Hardrock Stiff
Page 17
“Just a precaution, ma’am. We’ve had some reports. May I come in and check your room?”
She gazed out the window. It was the middle of the night, maybe four A.M. The moon was down and a light rain speckled the pane. She couldn’t get the damned boot on her bad foot.
“That won’t be necessary,” she said. “I’ll be all right. I’ve got a gun.”
The doorknob continued to twist, a faint, menacing tick, and she had the feeling he was jimmying the lock with a tool. If only she did have that LadySmith that Randy had trained her to use.
“There’s a message here I’m supposed to deliver.”
“What kind of message?” She was stalling for time, pulling on her sweater, her heart speeding wildly. “Who’s it from?”
“It’s a note, ma’am. Is there any reason why you won’t open the door?”
“Yes, there is. I’m undressed and in bed.”
She unlatched the window, opened it to the night. A strong cold wind hurled the curtains in her face. It was too dark to see what was below. A hedge, a patio table, a spinning central air unit. The drop might be five feet, it might be twenty. She couldn’t remember which floor she was on.
“Could you please come back in a couple of hours? I’m sure the message can wait.”
“Not this message,” the man said. “I’m told it’s very urgent. Here, I’ll slip it under the door for you.”
She heard a soft scraping sound. Something disturbed the wide strip of light under the door. A piece of paper.
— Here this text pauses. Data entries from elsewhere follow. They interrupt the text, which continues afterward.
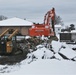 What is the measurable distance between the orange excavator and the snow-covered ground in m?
8.65

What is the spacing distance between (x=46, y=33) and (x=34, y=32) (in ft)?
4.00

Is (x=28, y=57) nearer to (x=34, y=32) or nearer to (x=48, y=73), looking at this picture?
(x=48, y=73)

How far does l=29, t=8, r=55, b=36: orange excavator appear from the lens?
29667mm

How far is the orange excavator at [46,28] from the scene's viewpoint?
97.3 ft

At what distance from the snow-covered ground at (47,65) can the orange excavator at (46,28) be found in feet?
28.4

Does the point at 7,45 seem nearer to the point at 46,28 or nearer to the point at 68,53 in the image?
the point at 68,53

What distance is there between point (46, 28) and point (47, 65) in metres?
15.2

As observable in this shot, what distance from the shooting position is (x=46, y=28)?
29.8 meters

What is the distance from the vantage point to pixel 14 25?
228ft

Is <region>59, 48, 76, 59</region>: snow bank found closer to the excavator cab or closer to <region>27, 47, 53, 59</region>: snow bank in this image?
<region>27, 47, 53, 59</region>: snow bank

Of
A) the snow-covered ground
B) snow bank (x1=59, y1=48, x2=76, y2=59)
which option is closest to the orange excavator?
the snow-covered ground

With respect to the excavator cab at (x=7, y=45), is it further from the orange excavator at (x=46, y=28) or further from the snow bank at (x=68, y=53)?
the orange excavator at (x=46, y=28)

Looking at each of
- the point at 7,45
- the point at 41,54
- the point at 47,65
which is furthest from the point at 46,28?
the point at 47,65

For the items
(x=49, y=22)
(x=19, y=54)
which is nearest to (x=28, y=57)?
(x=19, y=54) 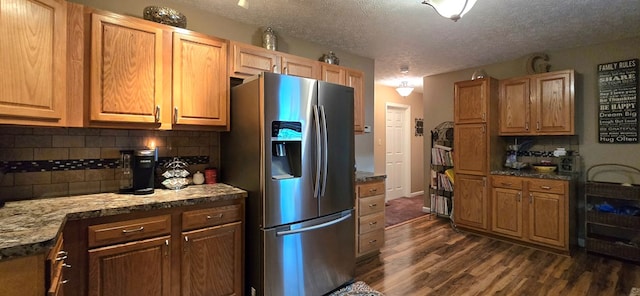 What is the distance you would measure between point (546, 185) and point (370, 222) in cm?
204

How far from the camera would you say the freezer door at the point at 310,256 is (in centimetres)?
205

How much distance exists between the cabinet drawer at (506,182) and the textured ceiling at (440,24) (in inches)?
61.3

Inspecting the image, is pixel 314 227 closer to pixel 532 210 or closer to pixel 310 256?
pixel 310 256

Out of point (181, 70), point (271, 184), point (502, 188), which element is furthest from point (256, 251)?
point (502, 188)

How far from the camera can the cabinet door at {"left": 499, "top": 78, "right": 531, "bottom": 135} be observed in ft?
11.9

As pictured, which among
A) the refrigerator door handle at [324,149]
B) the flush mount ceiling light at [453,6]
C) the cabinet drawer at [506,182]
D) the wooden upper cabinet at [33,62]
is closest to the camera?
the wooden upper cabinet at [33,62]

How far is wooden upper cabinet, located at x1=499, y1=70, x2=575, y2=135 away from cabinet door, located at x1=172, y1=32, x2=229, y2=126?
3476mm

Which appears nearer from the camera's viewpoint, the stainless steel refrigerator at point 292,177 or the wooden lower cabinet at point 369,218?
the stainless steel refrigerator at point 292,177

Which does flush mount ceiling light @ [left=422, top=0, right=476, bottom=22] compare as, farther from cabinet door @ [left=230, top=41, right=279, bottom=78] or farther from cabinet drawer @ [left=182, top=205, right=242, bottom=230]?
cabinet drawer @ [left=182, top=205, right=242, bottom=230]

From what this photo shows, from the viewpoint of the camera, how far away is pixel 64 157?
2008 millimetres

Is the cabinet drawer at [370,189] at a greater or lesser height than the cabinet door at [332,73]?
lesser

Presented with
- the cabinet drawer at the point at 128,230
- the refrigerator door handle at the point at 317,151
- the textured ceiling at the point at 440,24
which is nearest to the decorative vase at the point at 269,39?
the textured ceiling at the point at 440,24

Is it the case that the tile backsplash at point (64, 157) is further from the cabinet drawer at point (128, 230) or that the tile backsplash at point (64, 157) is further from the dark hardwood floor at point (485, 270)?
the dark hardwood floor at point (485, 270)

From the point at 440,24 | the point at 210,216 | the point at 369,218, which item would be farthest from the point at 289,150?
the point at 440,24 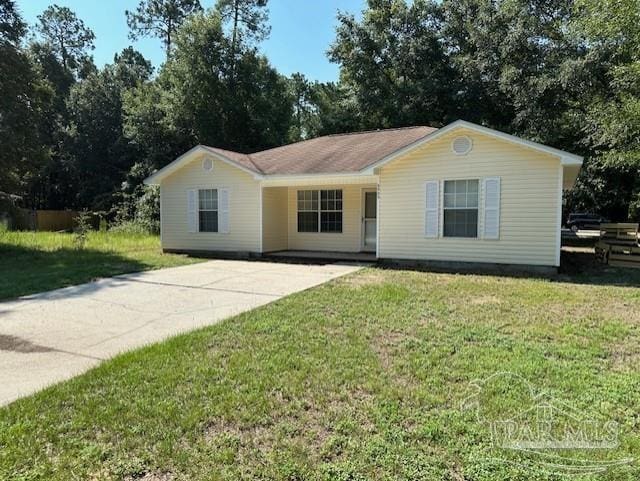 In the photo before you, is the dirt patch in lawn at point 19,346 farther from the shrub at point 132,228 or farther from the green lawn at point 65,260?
the shrub at point 132,228

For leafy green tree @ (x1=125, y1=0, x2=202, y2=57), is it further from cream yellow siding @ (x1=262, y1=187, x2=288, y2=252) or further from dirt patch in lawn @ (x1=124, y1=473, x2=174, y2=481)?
dirt patch in lawn @ (x1=124, y1=473, x2=174, y2=481)

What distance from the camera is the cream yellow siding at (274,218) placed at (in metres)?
13.1

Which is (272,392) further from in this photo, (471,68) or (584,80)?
(471,68)

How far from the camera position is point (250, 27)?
96.3ft

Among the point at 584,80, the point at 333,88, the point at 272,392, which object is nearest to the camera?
the point at 272,392

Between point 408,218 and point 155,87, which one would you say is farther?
point 155,87

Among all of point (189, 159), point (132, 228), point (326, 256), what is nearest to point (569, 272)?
point (326, 256)

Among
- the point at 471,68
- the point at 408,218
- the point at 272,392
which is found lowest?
the point at 272,392

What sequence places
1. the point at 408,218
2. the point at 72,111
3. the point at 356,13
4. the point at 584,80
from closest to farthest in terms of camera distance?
the point at 408,218, the point at 584,80, the point at 356,13, the point at 72,111

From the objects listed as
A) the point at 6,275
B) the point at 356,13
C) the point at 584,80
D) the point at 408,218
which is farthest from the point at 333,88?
the point at 6,275

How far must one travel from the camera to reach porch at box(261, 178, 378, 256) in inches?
520

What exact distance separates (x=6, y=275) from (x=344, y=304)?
26.5 ft

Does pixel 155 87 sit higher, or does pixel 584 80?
pixel 155 87

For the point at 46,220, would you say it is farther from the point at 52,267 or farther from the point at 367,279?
the point at 367,279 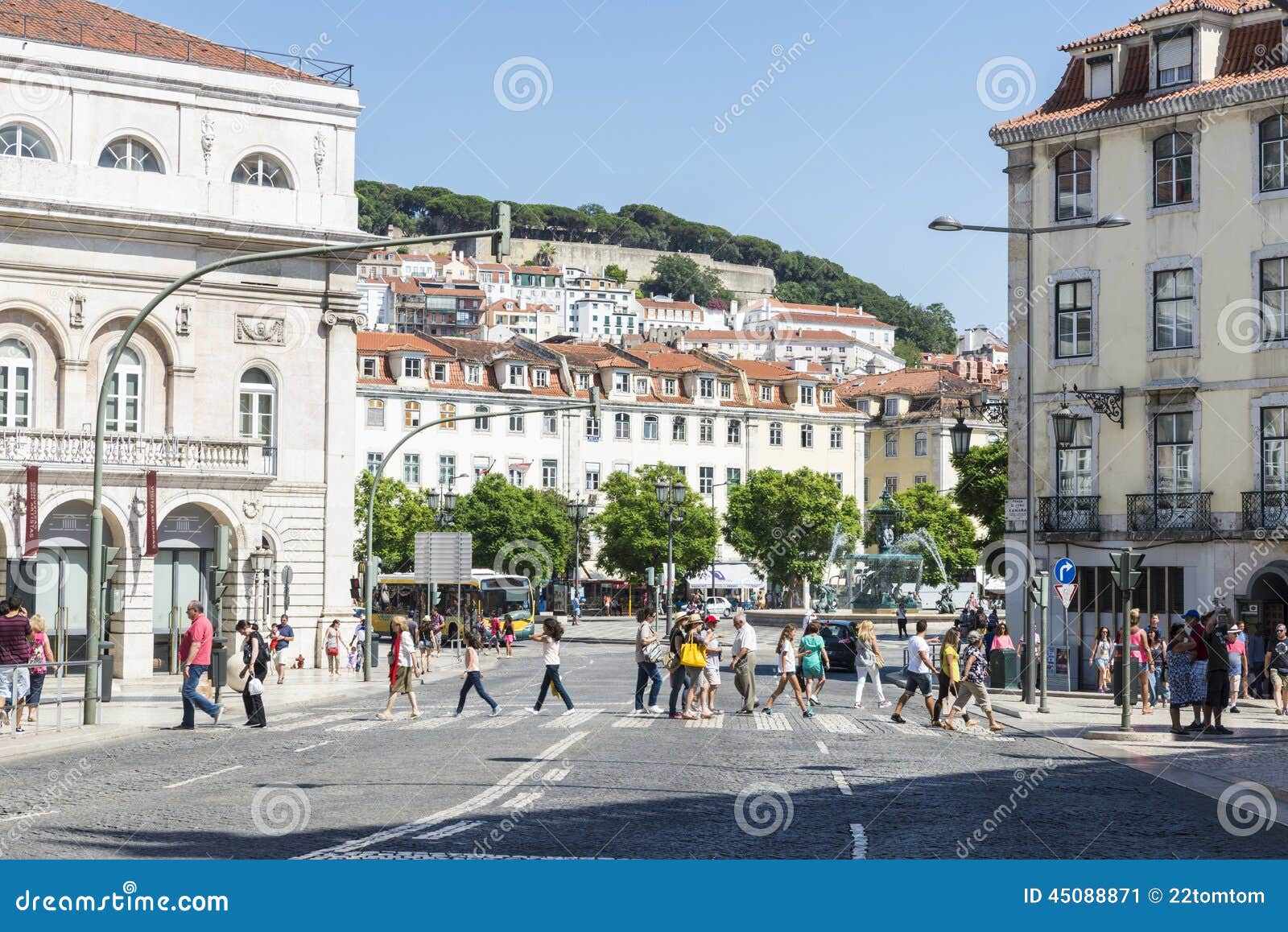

“I’ll check on you a little later, Miss Pfeil. Sorry to bother you.”
Her eyes had adjusted to the unlit room and she could make out the paper on the floor. Who the hell had sent her a note? She didn’t believe for a second that the man was gone.
Crossing the room in quiet steps, she knelt down and picked up the paper, then retrieved the cigarette lighter from her pants pocket. The flame revealed the scrawled words. Boom you’re dead bitch.
“Sooner or later,” said the deep voice on the other side of the door.
Kat gasped, struggled to catch her breath, leaned all her weight against the door.
“You’re running out of places to hide, kitty cat.” His voice was an obscene whisper only three inches from her ear.
She wadded up the note and threw it on the floor. “I’ve got a message for you, too, asshole,” she said, “and for those limp dicks you work for. That little red dot you feel on the back of your neck is my way of playing tag.”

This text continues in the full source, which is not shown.